### Brief
Each entry below is to be returned exactly, with any pictures left out.

[Caption-style text data]
-=-=-
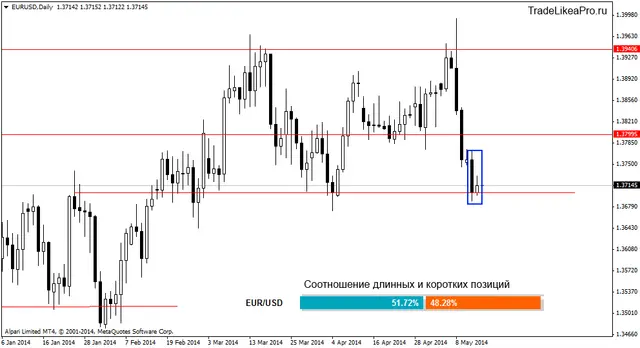 eurusddaily15052014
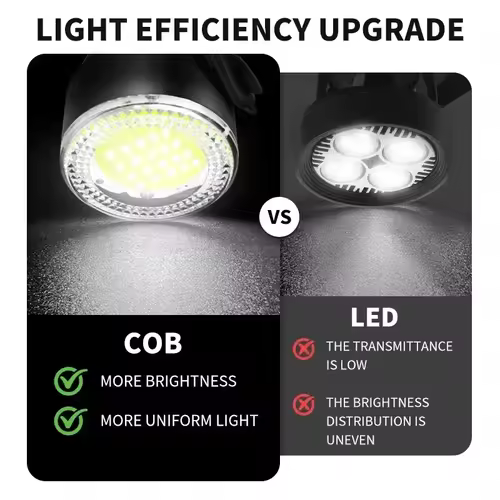 BUCKLOS Bike Light COB Front Rear Bicycle Lights LED Rechargeable Mountain Road Bicycle Lamp MTB Tail Light Cycling Flashlight - Image 2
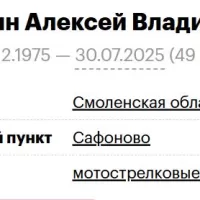 Prokudin Aleksey Vladimirovich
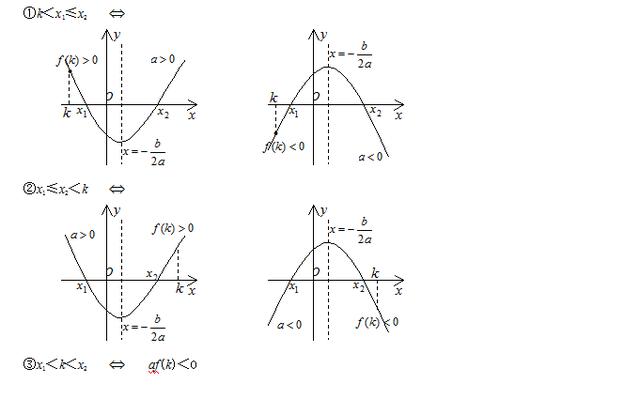 高考数学初等函数图像及性质特点，重要的基础知识你掌握了吗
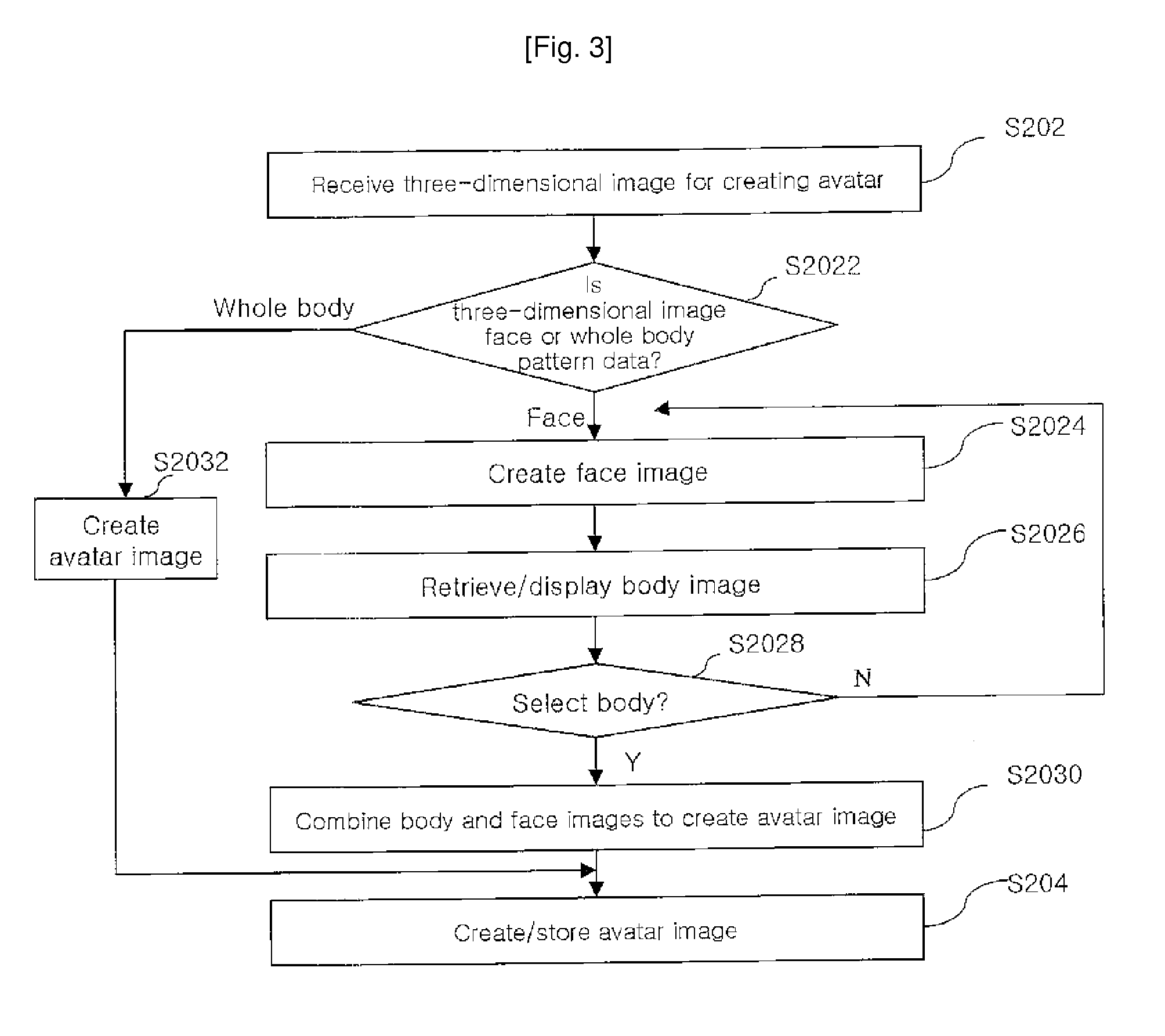 Electronic Commerce System for the Digital Fashion Using an Avatar Based on a User and Method for Operating the Same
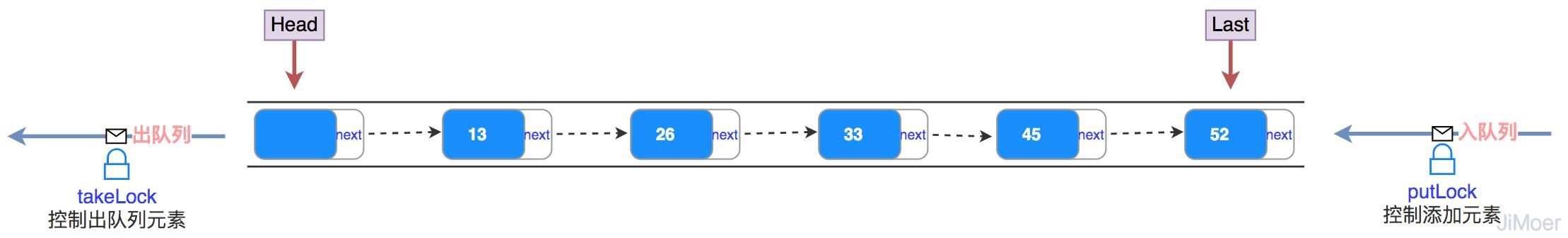 如何用Java设计阻塞队列，再说说ArrayBlocking和LinkedBlocking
-=-=-
### Output for this exercise
 eurusddaily15052014
 BUCKLOS Bike Light COB Front Rear Bicycle Lights LED Rechargeable Mountain Road Bicycle Lamp MTB Tail Light Cycling Flashlight - Image 2
 Prokudin Aleksey Vladimirovich
 高考数学初等函数图像及性质特点，重要的基础知识你掌握了吗
 Electronic Commerce System for the Digital Fashion Using an Avatar Based on a User and Method for Operating the Same
 如何用Java设计阻塞队列，再说说ArrayBlocking和LinkedBlocking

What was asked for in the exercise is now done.